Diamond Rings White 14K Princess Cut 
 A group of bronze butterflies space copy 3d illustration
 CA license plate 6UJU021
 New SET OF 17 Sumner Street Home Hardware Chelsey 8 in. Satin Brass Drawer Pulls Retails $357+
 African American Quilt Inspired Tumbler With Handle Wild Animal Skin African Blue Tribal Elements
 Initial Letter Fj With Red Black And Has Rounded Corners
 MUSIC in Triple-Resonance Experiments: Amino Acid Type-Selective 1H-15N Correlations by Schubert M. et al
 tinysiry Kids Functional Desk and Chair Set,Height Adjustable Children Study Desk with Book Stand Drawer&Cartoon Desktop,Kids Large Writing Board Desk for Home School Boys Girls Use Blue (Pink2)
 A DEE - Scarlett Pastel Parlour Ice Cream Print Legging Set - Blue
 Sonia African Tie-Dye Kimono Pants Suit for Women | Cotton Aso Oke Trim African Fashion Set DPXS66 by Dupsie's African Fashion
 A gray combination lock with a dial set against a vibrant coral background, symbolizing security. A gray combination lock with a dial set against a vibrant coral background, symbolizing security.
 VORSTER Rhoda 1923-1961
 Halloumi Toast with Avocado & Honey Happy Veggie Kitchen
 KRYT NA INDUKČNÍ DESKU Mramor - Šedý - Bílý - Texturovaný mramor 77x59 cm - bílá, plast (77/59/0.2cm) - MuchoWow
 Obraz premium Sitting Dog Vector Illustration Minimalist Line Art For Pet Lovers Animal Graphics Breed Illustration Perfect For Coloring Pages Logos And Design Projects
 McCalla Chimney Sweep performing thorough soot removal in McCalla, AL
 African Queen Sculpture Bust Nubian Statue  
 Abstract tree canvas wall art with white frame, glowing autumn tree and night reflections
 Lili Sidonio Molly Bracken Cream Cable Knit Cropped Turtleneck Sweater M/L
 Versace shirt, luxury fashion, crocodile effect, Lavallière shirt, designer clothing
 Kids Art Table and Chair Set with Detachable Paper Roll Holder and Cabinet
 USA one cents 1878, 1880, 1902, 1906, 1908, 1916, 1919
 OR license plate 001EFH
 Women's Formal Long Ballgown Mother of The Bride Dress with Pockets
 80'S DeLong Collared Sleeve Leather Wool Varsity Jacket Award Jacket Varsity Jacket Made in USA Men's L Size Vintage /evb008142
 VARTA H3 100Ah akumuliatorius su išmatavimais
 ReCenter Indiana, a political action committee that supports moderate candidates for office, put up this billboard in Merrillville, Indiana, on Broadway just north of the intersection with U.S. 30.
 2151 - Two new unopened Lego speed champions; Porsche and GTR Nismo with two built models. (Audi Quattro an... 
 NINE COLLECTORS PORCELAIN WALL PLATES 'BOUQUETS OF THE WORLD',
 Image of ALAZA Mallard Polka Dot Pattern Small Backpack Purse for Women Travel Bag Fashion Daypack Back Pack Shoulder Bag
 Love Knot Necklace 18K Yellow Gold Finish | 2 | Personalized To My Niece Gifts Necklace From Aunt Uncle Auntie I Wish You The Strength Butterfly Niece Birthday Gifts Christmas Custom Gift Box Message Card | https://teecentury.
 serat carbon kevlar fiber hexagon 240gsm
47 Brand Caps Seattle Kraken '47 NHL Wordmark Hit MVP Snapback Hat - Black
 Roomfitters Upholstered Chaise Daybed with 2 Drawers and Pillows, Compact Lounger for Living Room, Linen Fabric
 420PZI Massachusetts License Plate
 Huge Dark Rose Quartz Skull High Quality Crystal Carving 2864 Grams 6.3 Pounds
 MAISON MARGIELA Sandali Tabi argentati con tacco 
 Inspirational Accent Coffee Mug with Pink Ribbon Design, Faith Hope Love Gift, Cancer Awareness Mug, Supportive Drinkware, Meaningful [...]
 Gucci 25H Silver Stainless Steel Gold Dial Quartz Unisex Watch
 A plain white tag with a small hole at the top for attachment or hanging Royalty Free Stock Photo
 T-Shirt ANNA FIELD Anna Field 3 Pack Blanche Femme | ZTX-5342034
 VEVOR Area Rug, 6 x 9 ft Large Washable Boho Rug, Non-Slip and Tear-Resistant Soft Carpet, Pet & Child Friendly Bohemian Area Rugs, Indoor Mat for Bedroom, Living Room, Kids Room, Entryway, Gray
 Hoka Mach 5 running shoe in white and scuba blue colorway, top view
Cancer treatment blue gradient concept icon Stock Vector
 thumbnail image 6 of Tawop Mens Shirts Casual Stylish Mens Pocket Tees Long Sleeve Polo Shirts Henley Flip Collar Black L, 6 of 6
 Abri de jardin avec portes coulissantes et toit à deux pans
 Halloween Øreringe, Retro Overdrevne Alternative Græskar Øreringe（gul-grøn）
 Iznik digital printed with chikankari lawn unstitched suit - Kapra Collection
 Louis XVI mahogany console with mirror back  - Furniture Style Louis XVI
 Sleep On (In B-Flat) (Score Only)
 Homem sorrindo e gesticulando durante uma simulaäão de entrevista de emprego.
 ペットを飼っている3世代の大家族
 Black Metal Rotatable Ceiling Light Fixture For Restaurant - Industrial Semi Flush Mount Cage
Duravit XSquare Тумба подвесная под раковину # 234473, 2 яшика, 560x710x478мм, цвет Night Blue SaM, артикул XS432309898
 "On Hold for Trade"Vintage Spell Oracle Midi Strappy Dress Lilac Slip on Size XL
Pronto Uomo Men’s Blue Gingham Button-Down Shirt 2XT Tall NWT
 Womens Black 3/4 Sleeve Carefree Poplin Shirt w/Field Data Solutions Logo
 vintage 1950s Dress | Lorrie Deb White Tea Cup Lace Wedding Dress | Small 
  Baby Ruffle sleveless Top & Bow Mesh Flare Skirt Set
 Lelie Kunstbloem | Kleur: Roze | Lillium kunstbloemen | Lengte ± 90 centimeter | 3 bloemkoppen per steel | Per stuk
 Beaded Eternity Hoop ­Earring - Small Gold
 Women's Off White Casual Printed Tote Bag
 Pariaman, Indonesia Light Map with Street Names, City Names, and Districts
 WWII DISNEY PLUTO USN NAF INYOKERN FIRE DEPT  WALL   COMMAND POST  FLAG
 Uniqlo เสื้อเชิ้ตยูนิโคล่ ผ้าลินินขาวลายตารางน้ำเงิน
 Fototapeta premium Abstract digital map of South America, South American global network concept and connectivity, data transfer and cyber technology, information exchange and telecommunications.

* * * * *

▶ _Description of the task_
Without omitting any record, transcribe the data exactly.

▶ _Reply to the task_
Diamond Rings White 14K Princess Cut 
 A group of bronze butterflies space copy 3d illustration
 CA license plate 6UJU021
 New SET OF 17 Sumner Street Home Hardware Chelsey 8 in. Satin Brass Drawer Pulls Retails $357+
 African American Quilt Inspired Tumbler With Handle Wild Animal Skin African Blue Tribal Elements
 Initial Letter Fj With Red Black And Has Rounded Corners
 MUSIC in Triple-Resonance Experiments: Amino Acid Type-Selective 1H-15N Correlations by Schubert M. et al
 tinysiry Kids Functional Desk and Chair Set,Height Adjustable Children Study Desk with Book Stand Drawer&Cartoon Desktop,Kids Large Writing Board Desk for Home School Boys Girls Use Blue (Pink2)
 A DEE - Scarlett Pastel Parlour Ice Cream Print Legging Set - Blue
 Sonia African Tie-Dye Kimono Pants Suit for Women | Cotton Aso Oke Trim African Fashion Set DPXS66 by Dupsie's African Fashion
 A gray combination lock with a dial set against a vibrant coral background, symbolizing security. A gray combination lock with a dial set against a vibrant coral background, symbolizing security.
 VORSTER Rhoda 1923-1961
 Halloumi Toast with Avocado & Honey Happy Veggie Kitchen
 KRYT NA INDUKČNÍ DESKU Mramor - Šedý - Bílý - Texturovaný mramor 77x59 cm - bílá, plast (77/59/0.2cm) - MuchoWow
 Obraz premium Sitting Dog Vector Illustration Minimalist Line Art For Pet Lovers Animal Graphics Breed Illustration Perfect For Coloring Pages Logos And Design Projects
 McCalla Chimney Sweep performing thorough soot removal in McCalla, AL
 African Queen Sculpture Bust Nubian Statue  
 Abstract tree canvas wall art with white frame, glowing autumn tree and night reflections
 Lili Sidonio Molly Bracken Cream Cable Knit Cropped Turtleneck Sweater M/L
 Versace shirt, luxury fashion, crocodile effect, Lavallière shirt, designer clothing
 Kids Art Table and Chair Set with Detachable Paper Roll Holder and Cabinet
 USA one cents 1878, 1880, 1902, 1906, 1908, 1916, 1919
 OR license plate 001EFH
 Women's Formal Long Ballgown Mother of The Bride Dress with Pockets
 80'S DeLong Collared Sleeve Leather Wool Varsity Jacket Award Jacket Varsity Jacket Made in USA Men's L Size Vintage /evb008142
 VARTA H3 100Ah akumuliatorius su išmatavimais
 ReCenter Indiana, a political action committee that supports moderate candidates for office, put up this billboard in Merrillville, Indiana, on Broadway just north of the intersection with U.S. 30.
 2151 - Two new unopened Lego speed champions; Porsche and GTR Nismo with two built models. (Audi Quattro an... 
 NINE COLLECTORS PORCELAIN WALL PLATES 'BOUQUETS OF THE WORLD',
 Image of ALAZA Mallard Polka Dot Pattern Small Backpack Purse for Women Travel Bag Fashion Daypack Back Pack Shoulder Bag
 Love Knot Necklace 18K Yellow Gold Finish | 2 | Personalized To My Niece Gifts Necklace From Aunt Uncle Auntie I Wish You The Strength Butterfly Niece Birthday Gifts Christmas Custom Gift Box Message Card | https://teecentury.
 serat carbon kevlar fiber hexagon 240gsm
47 Brand Caps Seattle Kraken '47 NHL Wordmark Hit MVP Snapback Hat - Black
 Roomfitters Upholstered Chaise Daybed with 2 Drawers and Pillows, Compact Lounger for Living Room, Linen Fabric
 420PZI Massachusetts License Plate
 Huge Dark Rose Quartz Skull High Quality Crystal Carving 2864 Grams 6.3 Pounds
 MAISON MARGIELA Sandali Tabi argentati con tacco 
 Inspirational Accent Coffee Mug with Pink Ribbon Design, Faith Hope Love Gift, Cancer Awareness Mug, Supportive Drinkware, Meaningful [...]
 Gucci 25H Silver Stainless Steel Gold Dial Quartz Unisex Watch
 A plain white tag with a small hole at the top for attachment or hanging Royalty Free Stock Photo
 T-Shirt ANNA FIELD Anna Field 3 Pack Blanche Femme | ZTX-5342034
 VEVOR Area Rug, 6 x 9 ft Large Washable Boho Rug, Non-Slip and Tear-Resistant Soft Carpet, Pet & Child Friendly Bohemian Area Rugs, Indoor Mat for Bedroom, Living Room, Kids Room, Entryway, Gray
 Hoka Mach 5 running shoe in white and scuba blue colorway, top view
Cancer treatment blue gradient concept icon Stock Vector
 thumbnail image 6 of Tawop Mens Shirts Casual Stylish Mens Pocket Tees Long Sleeve Polo Shirts Henley Flip Collar Black L, 6 of 6
 Abri de jardin avec portes coulissantes et toit à deux pans
 Halloween Øreringe, Retro Overdrevne Alternative Græskar Øreringe（gul-grøn）
 Iznik digital printed with chikankari lawn unstitched suit - Kapra Collection
 Louis XVI mahogany console with mirror back  - Furniture Style Louis XVI
 Sleep On (In B-Flat) (Score Only)
 Homem sorrindo e gesticulando durante uma simulaäão de entrevista de emprego.
 ペットを飼っている3世代の大家族
 Black Metal Rotatable Ceiling Light Fixture For Restaurant - Industrial Semi Flush Mount Cage
Duravit XSquare Тумба подвесная под раковину # 234473, 2 яшика, 560x710x478мм, цвет Night Blue SaM, артикул XS432309898
 "On Hold for Trade"Vintage Spell Oracle Midi Strappy Dress Lilac Slip on Size XL
Pronto Uomo Men’s Blue Gingham Button-Down Shirt 2XT Tall NWT
 Womens Black 3/4 Sleeve Carefree Poplin Shirt w/Field Data Solutions Logo
 vintage 1950s Dress | Lorrie Deb White Tea Cup Lace Wedding Dress | Small 
  Baby Ruffle sleveless Top & Bow Mesh Flare Skirt Set
 Lelie Kunstbloem | Kleur: Roze | Lillium kunstbloemen | Lengte ± 90 centimeter | 3 bloemkoppen per steel | Per stuk
 Beaded Eternity Hoop ­Earring - Small Gold
 Women's Off White Casual Printed Tote Bag
 Pariaman, Indonesia Light Map with Street Names, City Names, and Districts
 WWII DISNEY PLUTO USN NAF INYOKERN FIRE DEPT  WALL   COMMAND POST  FLAG
 Uniqlo เสื้อเชิ้ตยูนิโคล่ ผ้าลินินขาวลายตารางน้ำเงิน
 Fototapeta premium Abstract digital map of South America, South American global network concept and connectivity, data transfer and cyber technology, information exchange and telecommunications.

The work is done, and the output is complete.